Sunday 20th March saw the 77th running of the Sunbeam Club’s Pioneer Run for Veteran Motorcycles. The very first run was in 1930 and started from Croydon Aerodrome, finishing at Madeira Drive, Brighton and attracted, coincidentally, 77 entrants with George Brough being first away in a field that included many notable works riders and just one female rider.
The start soon moved to Epsom Downs with the finish remaining on the south coast and, barring the war and stoppages due to foot and mouth and adverse weather, it has run every year since. It is seen by many as the season opening event for classic machines as well as the world’s premier event for veterans.
Entrants, though, must be on a machine manufactured prior to the 1st of January 1915 and the Sunbeam Club’s excellent policing of originality ensures that many of the machines are just as they left the factory in those early days and give a real flavour of the history of motorcycling. The Register has 2034 vehicles registered and this year 339 entered the run with all of the bikes having passed their centennial anniversary.
The list of manufacturers reads like an obituary to a once great industry with many famous names adorning the tanks, although a few machines are literally one-offs or from very small scale production runs.
It is notable that the amount of European and American machines increase yearly and this year saw many foreign number plates visible, such is now the draw of the event worldwide.
Many of the riders are not that far behind the bikes in age and some dress in period clothing whilst others prefer to use modern materials to protect against the elements and make themselves conspicuous to other road users. It is also pleasing to report that now that there are a lot of younger riders taking part and the female contingent has grown to nearly double figures.
Whilst there are various awards on offer, for most it is just the challenge of making the run unaided as completing the event is an achievement. A real test of riding ability and mechanical aptitude in modern traffic conditions, not to mention meticulous preparation in the workshop beforehand. Riders have to juggle ignition and air levers and prime manual oil pumps to ensure a trouble free run, often aiding progress with a little Light Pedal Assistance (LPA) on the various hills en-route.
Not all, of course, make it unaided, some need to resort to the tender to make it to the finish and social gathering on the famous seafront, and some riders end up with enough stories to entertain for years to come.
Although it may not have the cache of the car event there is no doubt that the Pioneer Run is just as interesting and includes many of the Forecars and Tricycles that take part in the November car run.
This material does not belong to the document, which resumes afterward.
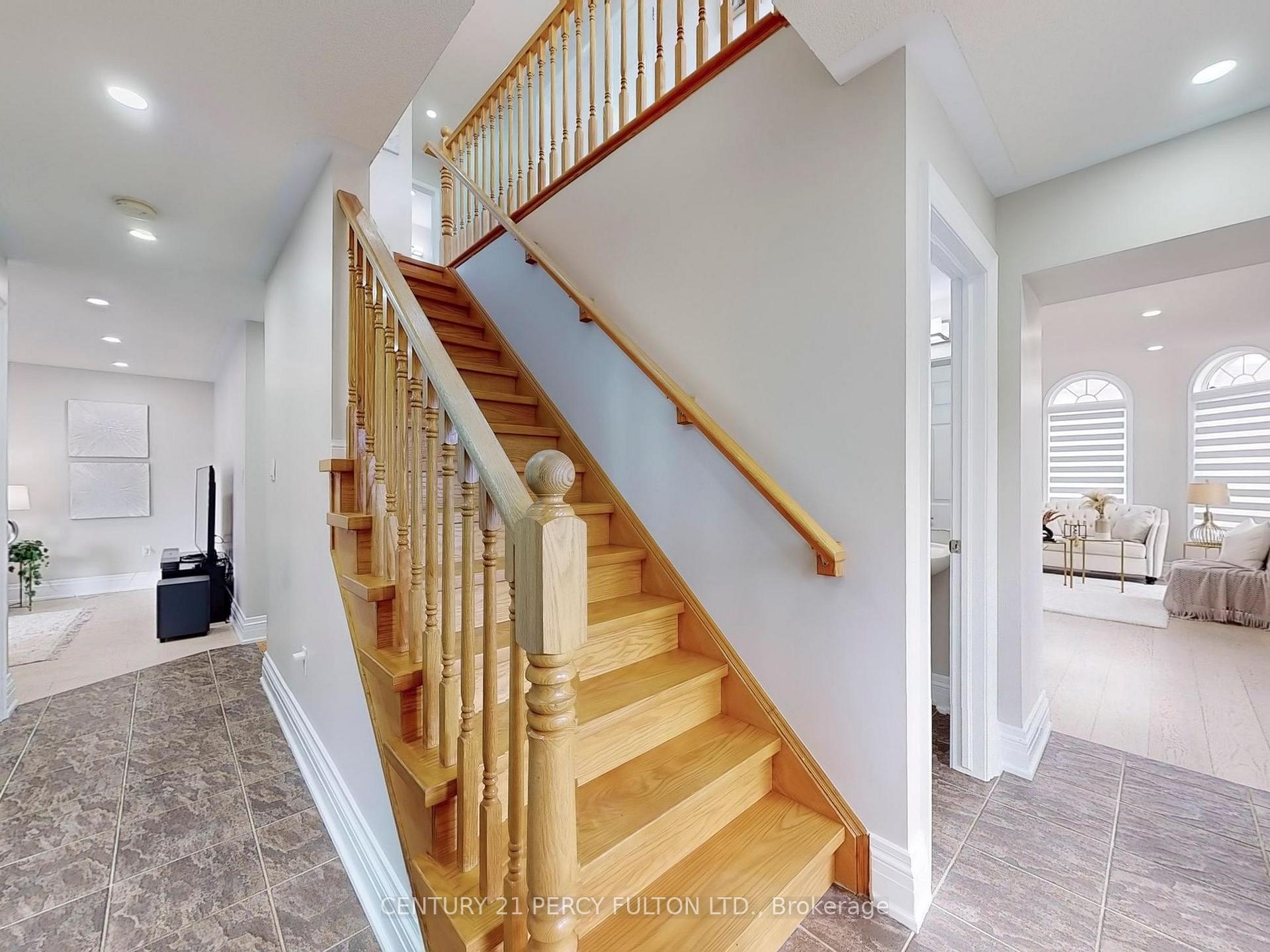 Photo 24 of 652 Rayner Court, Milton, Harrison — HOMEH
Certainly a walk around either paddock and time by the roadside will show that very little is new and, as you glide effortlessly past these pioneers on a modern steed, you need to say a little silent ‘thank you’ to those with the foresight not only to manufacture these machines, but also those who chose to preserve and demonstrate them.
The 78th Pioneer Run will follow the same format as this year’s, and take place on the 19th March next year so make a date in your diary to see a little bit of automotive history!